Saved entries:

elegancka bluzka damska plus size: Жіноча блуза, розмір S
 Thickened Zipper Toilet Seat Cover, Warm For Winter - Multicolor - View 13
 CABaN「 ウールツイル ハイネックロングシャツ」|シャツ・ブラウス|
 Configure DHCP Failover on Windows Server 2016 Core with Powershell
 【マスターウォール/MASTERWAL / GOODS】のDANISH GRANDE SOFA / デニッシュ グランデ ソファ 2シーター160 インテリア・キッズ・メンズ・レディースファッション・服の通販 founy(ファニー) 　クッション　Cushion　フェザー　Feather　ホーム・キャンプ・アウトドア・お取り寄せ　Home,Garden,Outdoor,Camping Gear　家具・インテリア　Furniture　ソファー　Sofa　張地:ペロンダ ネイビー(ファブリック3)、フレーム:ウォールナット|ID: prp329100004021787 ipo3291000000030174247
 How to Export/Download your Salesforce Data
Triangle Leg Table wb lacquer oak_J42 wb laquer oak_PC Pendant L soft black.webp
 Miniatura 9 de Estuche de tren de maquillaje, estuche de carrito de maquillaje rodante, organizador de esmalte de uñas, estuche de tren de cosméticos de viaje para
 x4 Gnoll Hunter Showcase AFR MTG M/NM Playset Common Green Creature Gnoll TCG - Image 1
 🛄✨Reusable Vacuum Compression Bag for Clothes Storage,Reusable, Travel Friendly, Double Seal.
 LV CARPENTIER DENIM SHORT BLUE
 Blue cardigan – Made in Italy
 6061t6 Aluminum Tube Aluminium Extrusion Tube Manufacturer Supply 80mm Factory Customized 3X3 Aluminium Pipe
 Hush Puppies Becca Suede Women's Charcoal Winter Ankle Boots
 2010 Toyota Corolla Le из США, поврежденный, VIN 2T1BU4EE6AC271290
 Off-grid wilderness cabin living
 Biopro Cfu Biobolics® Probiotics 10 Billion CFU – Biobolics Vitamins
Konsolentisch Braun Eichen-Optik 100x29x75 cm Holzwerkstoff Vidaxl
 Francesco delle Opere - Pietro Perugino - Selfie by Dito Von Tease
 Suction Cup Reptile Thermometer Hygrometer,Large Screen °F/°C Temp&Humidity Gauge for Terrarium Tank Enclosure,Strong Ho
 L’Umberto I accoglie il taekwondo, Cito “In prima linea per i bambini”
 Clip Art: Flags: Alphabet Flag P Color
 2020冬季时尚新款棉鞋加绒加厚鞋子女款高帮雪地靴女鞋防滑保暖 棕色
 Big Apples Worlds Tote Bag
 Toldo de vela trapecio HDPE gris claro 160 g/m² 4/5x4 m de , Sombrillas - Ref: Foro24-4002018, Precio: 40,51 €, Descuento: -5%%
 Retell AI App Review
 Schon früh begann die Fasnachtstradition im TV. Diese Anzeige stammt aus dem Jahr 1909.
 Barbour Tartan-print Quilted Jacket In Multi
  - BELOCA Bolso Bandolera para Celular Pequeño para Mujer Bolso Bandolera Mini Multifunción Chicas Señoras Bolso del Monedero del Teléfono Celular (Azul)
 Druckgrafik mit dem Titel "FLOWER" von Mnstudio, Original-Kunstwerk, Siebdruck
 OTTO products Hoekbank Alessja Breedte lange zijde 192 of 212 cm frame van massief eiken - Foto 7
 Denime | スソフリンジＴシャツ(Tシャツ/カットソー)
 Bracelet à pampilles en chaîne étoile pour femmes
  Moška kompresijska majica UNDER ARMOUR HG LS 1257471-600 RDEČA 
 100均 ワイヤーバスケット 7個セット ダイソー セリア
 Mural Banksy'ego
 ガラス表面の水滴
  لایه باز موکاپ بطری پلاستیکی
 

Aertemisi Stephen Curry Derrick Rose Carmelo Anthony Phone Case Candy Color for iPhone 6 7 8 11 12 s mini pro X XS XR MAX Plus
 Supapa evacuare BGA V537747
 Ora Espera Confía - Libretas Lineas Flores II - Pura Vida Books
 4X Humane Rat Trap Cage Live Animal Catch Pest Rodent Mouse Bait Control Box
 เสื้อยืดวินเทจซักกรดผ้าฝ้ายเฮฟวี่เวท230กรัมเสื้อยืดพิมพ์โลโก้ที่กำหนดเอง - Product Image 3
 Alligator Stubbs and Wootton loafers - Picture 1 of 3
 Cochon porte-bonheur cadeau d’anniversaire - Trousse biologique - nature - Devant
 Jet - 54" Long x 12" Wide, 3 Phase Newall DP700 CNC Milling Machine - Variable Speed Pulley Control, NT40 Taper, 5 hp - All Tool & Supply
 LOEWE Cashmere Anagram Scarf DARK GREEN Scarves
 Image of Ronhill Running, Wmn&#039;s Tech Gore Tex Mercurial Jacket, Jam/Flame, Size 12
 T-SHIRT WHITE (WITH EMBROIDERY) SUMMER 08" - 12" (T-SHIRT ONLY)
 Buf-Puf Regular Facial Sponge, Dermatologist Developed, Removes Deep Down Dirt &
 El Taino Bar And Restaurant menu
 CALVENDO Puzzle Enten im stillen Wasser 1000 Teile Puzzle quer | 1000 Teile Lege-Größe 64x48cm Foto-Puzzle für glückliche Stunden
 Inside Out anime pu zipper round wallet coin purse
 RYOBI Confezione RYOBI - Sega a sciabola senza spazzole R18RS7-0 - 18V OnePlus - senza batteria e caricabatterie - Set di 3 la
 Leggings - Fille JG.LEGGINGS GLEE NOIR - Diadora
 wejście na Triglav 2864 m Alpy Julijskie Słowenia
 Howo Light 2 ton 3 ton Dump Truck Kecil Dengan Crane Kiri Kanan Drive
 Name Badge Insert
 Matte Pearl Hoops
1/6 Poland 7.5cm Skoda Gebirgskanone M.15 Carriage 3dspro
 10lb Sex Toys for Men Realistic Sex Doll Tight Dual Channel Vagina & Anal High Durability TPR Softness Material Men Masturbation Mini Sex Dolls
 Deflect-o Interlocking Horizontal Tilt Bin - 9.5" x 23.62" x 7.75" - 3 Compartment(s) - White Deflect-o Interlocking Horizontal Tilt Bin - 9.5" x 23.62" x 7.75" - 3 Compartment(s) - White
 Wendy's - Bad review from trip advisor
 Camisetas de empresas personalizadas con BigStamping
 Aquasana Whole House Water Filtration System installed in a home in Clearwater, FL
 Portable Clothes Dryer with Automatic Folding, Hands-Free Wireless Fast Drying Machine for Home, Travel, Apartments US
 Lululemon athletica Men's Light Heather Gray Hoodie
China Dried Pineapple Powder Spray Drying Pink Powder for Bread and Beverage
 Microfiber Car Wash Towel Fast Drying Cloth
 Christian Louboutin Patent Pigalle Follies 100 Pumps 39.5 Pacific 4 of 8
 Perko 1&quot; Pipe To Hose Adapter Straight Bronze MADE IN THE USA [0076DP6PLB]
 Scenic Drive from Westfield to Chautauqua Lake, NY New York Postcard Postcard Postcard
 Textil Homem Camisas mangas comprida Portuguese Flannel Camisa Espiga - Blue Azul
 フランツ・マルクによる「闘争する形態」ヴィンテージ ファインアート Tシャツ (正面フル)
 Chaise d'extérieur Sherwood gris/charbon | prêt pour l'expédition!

-- Work order --
When a line in the data holds the word "para", show that line.

-- Task answer --
 Miniatura 9 de Estuche de tren de maquillaje, estuche de carrito de maquillaje rodante, organizador de esmalte de uñas, estuche de tren de cosméticos de viaje para
  - BELOCA Bolso Bandolera para Celular Pequeño para Mujer Bolso Bandolera Mini Multifunción Chicas Señoras Bolso del Monedero del Teléfono Celular (Azul)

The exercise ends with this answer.